Expert Panel on Forests for Social and Economic Resilience 2025
Given the increasingly rapid, unpredictable, and unprecedented global changes linked to the twin climate change and biodiversity crises, fostering resilience has become a key policy issue. Many international organizations have adopted resilience strategies across various policy areas aiming to enhance societal capacities for "bouncing back" and adapting in the face of shocks and disturbances.
Regarding forest management and forest landscape restoration, ‘resilience thinking’ has emerged as a new paradigm. However, most of the forest sector research continues to apply the narrower concepts of engineering resilience or ecological resilience, instead of adopting a more holistic socio-ecological resilience approach. Several studies have emphasized the important role of forests and trees in contributing to social and economic resilience by, for example, acting as safety nets in times of emergency, as sources of employment and of essential products, as providers of possibilities for income diversification, as protection to settlements by reducing the risk of floods and other extreme weather events, or as spaces for physical and mental health enhancing personal resilience.
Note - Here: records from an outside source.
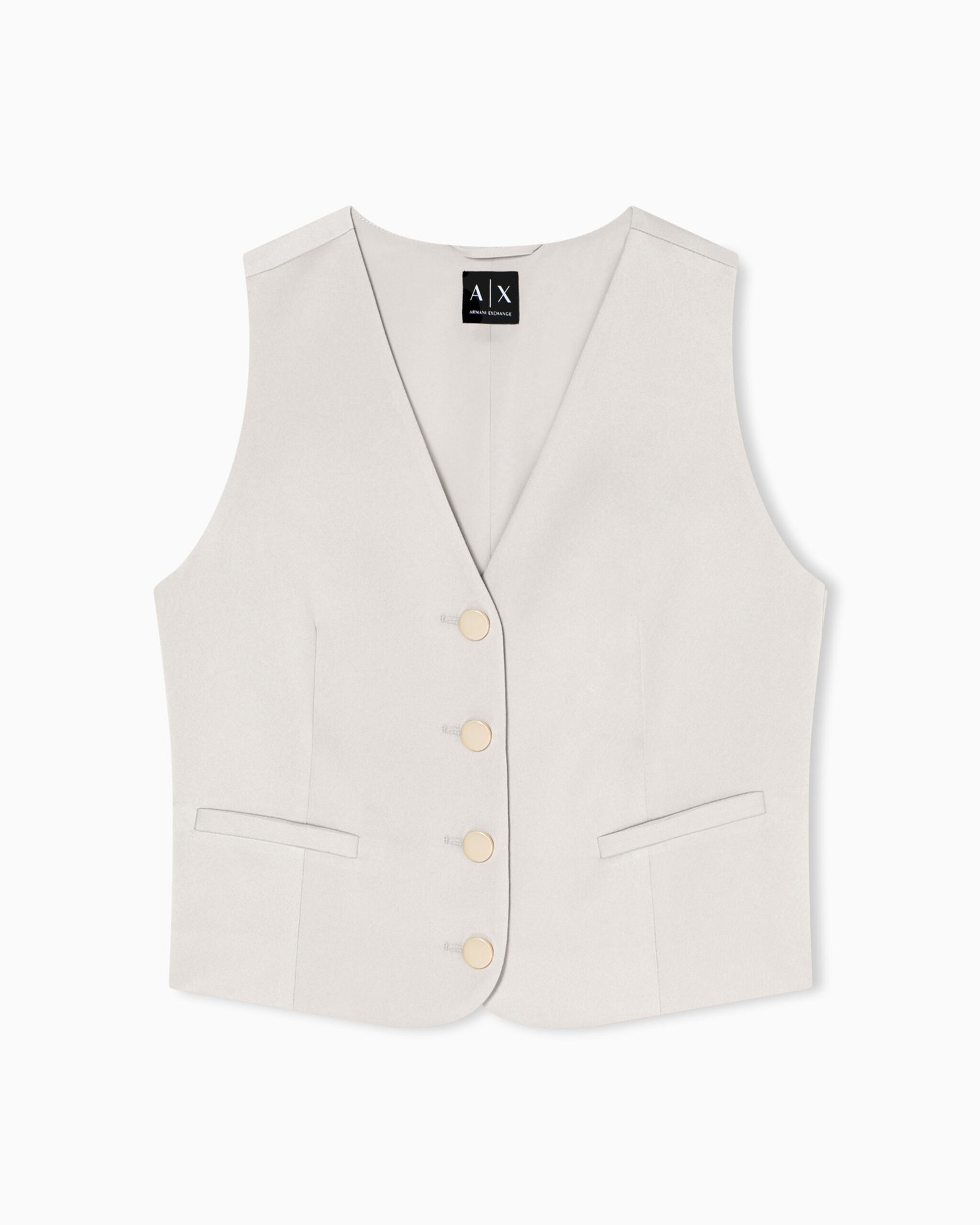 Gilet beige Armani Exchange
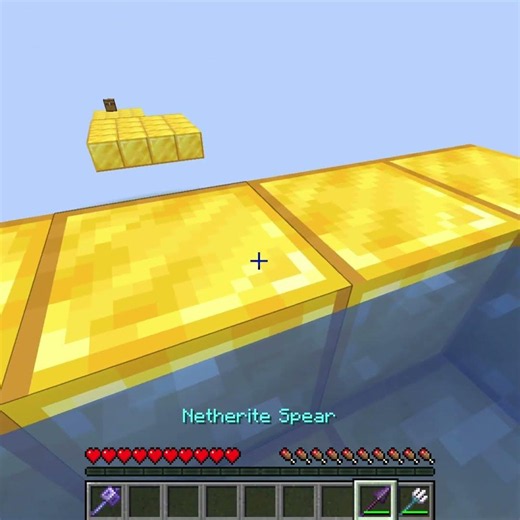 Minecraft Mace + Spear + Trident PARKOUR is INSANE 😱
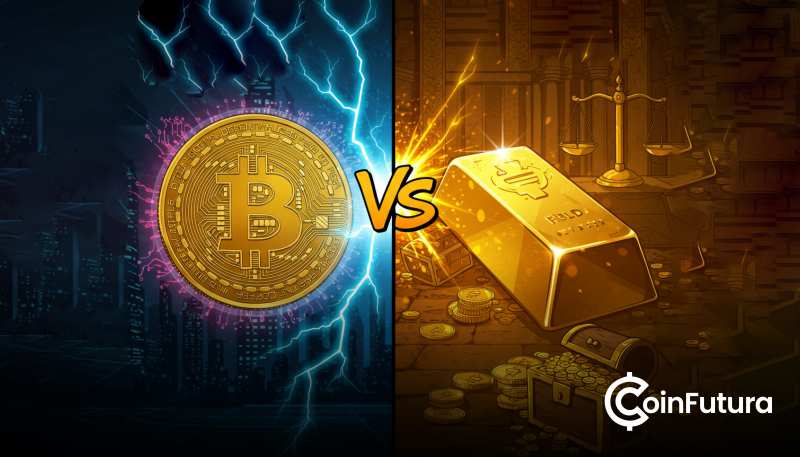 BITCOIN VS GOLD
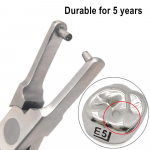 Dental Orthodontic Band Crown Contouring Plier Dentist Ortho Forep for Crown Making Metal Crown plier Dentist Plier 1 piece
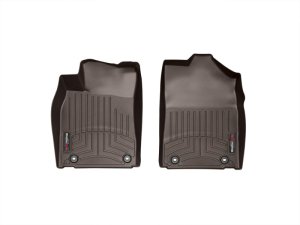 Lexus ES FloorLiner - Front - WeatherTech - DigitalFit - Cocoa - `13-`27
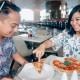 Nikmatnya Pizza Rendang dan Jus Melon Santan di Aston Semarang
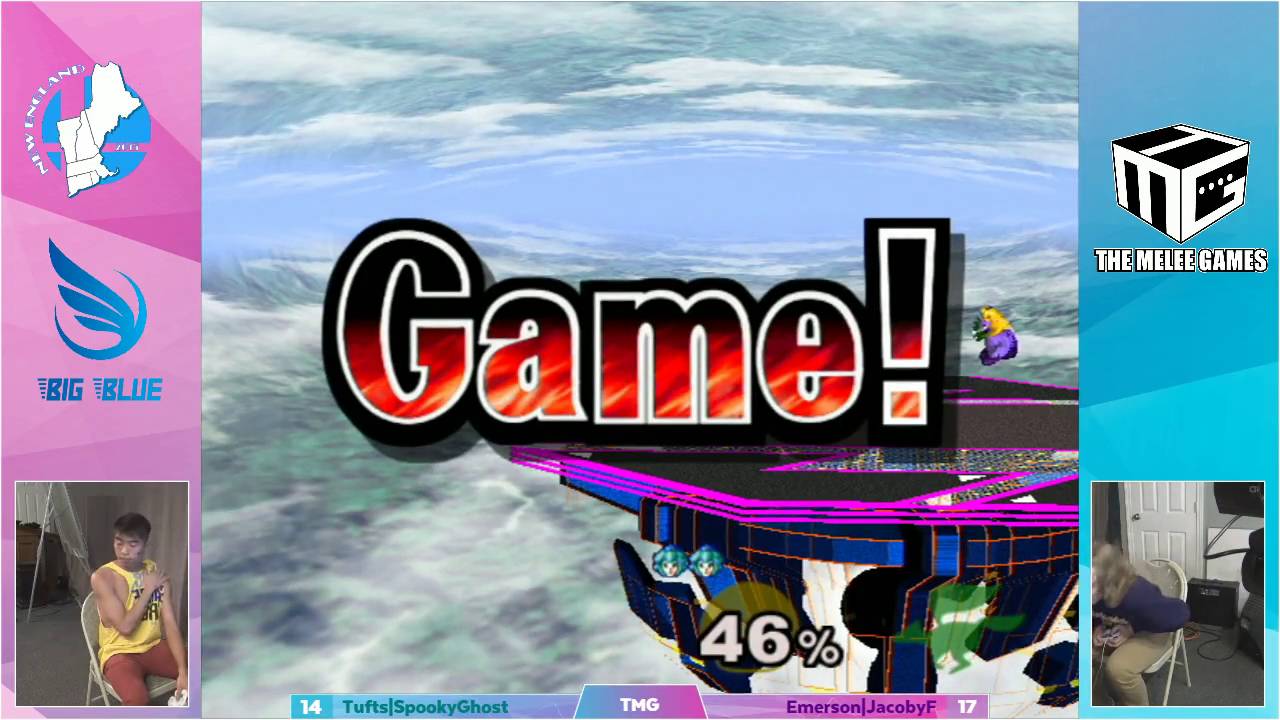 The Melee Games! Emerson vs Tufts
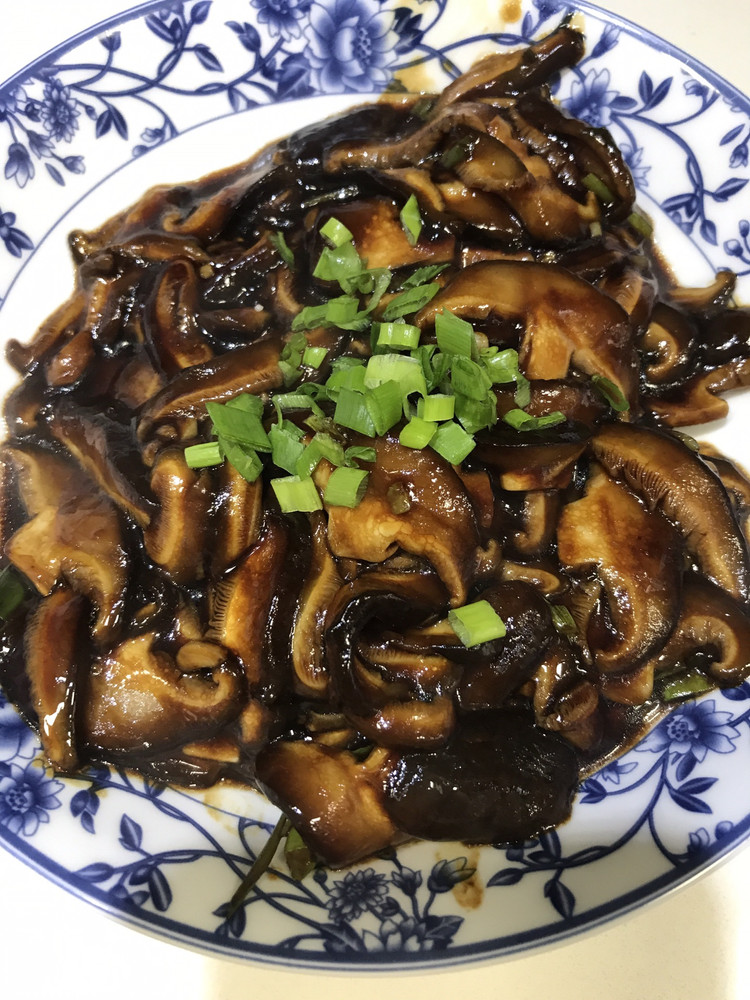 耗油香菇的做法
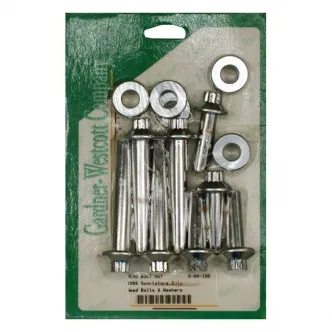 Gardner Westcott Head Bolt Kit, 12 Point For Late 1985-1991 B.T., 1986-1991 XL Models (ARM717705)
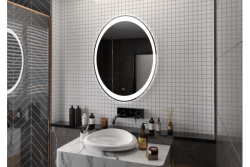 Зеркало для ванной Континент Credo LED 70x90 (Россия) - фото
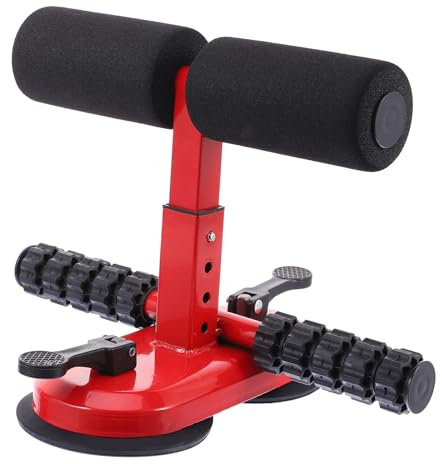 BESTonZON Sit-up-trainingsgerät Verstellbare Stange Für Crunches-hilfe Bauchmuskeltrainer Für Indoor-workouts Robust Und Einfach Zu Bedienen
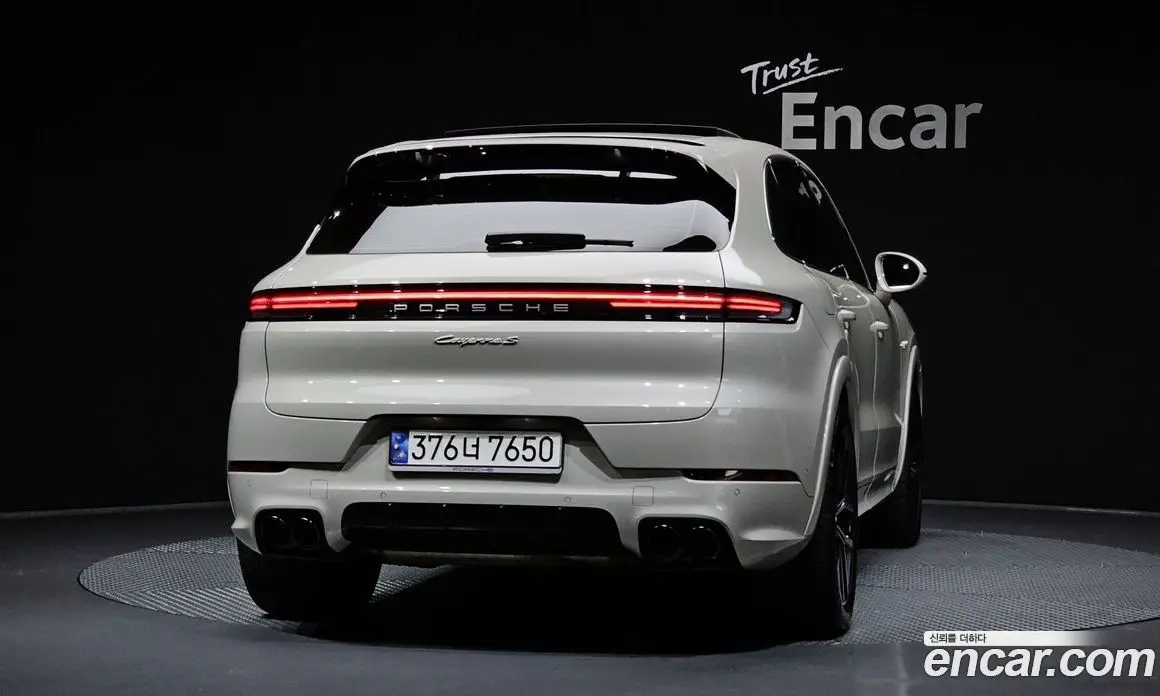 Porsche Cayenne 2024 3.0 автомат (гидро), фото 4 Porsche Cayenne 2024 3.0 автомат (гидро), фото 4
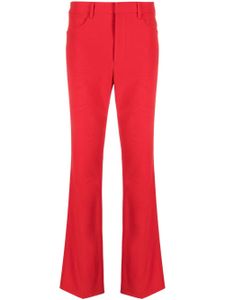 Zadig&Voltaire pantalon Pistol à coupe droite - Rouge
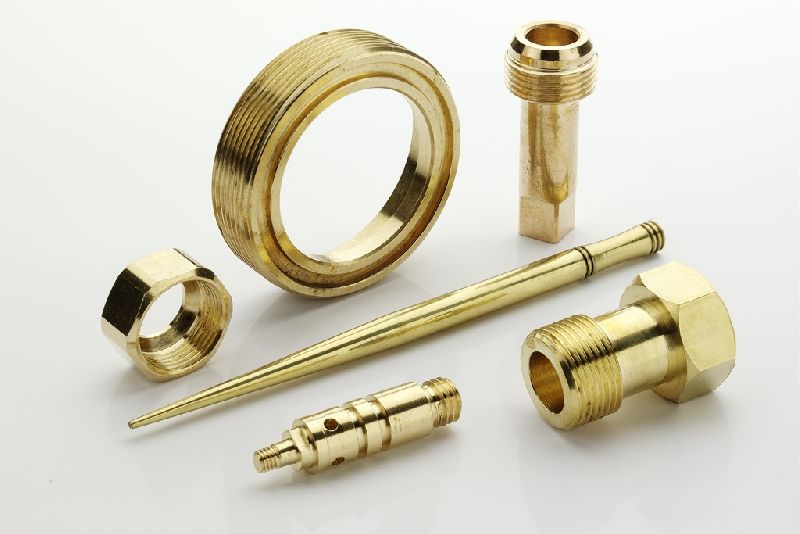 Brass Precision Parts - Tolerance: 0.5 Millimeter (Mm)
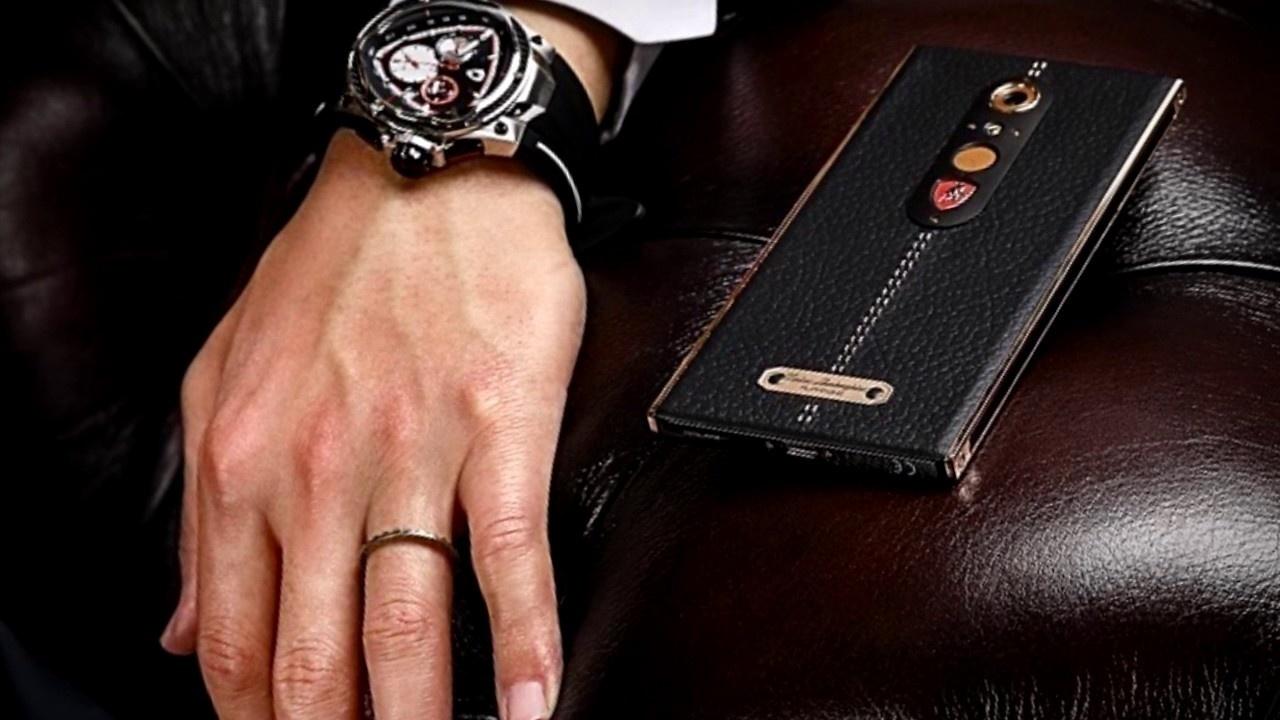 Relógio e smartphone Tonino Lamborghini - 11964832700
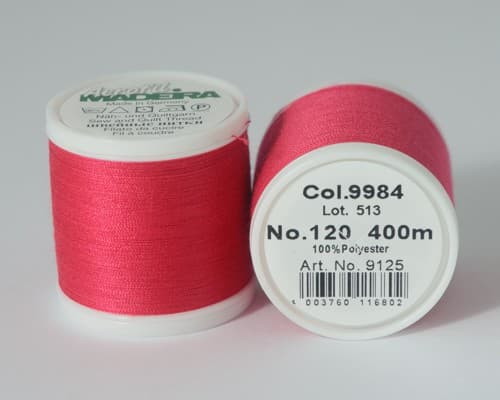 Madeira Aerofil №120 400м цвет 9984 undefined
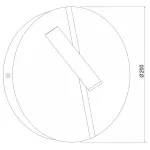 Бра Elektrostandard Drom 40105/LED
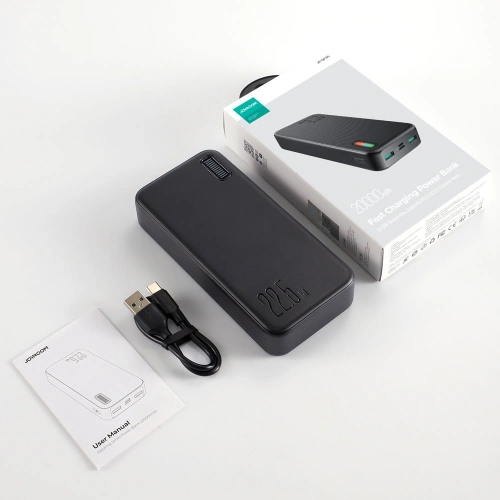 Kup Powerbank Joyroom QP195 Dazzling Series 20000mAh 22.5W černý - JYR605 - {ean13} - Sklep Home Screen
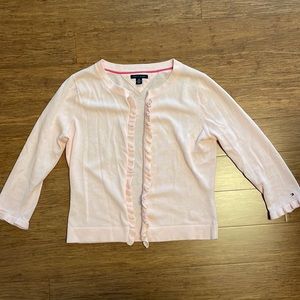 Tommy Hilfiger baby pink shrug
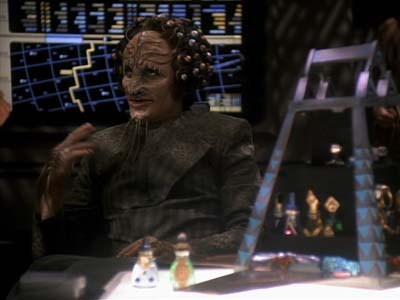 Star Trek: Deep Space Nine Screencaps "Improbable Cause" (S3:E20)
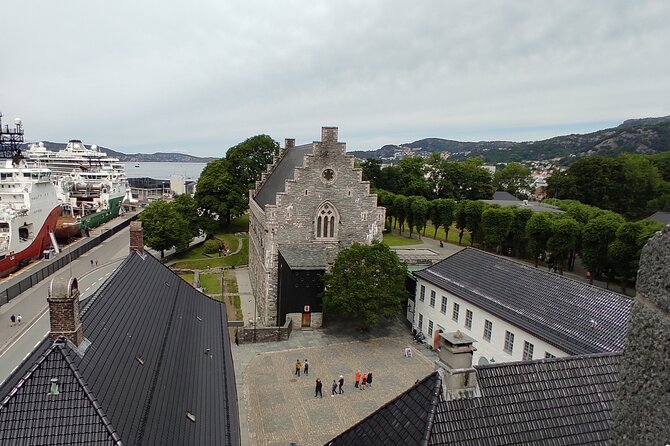 The influence of Bergen in Norway's development, city tour - What the two-hour schedule means for you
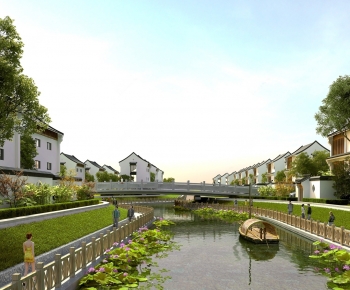 Chinese Style Courtyard/landscape-ID:492289078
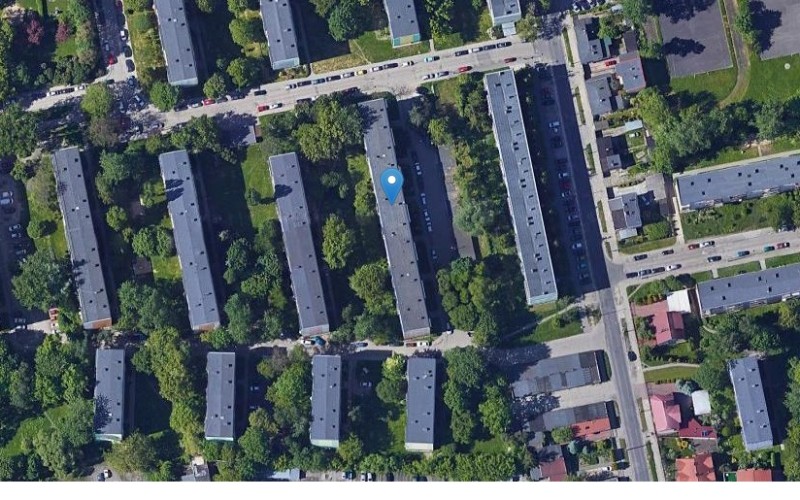 Mieszkanie w miejscowości Łódź, Władysława Umińskiego 2/24 (łódzkie). Mieszkania. Władysława Umińskiego 2/24, 93-256, Łódź, (woj. łódzkie)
Given the multi-dimensional relationships between forests and social and economic resilience, and the cross-sectoral nature of the topic, a thorough scientific assessment of these relationships is needed. Such an assessment will provide a solid contribution to current and upcoming global discussions and platforms, and will support integrated, holistic, and effective policy responses. To this end, IUFRO has initiated a new global scientific assessment on forests for social and economic resilience in the frame of the CPF’s Global Forest Expert Panels (GFEP) initiative.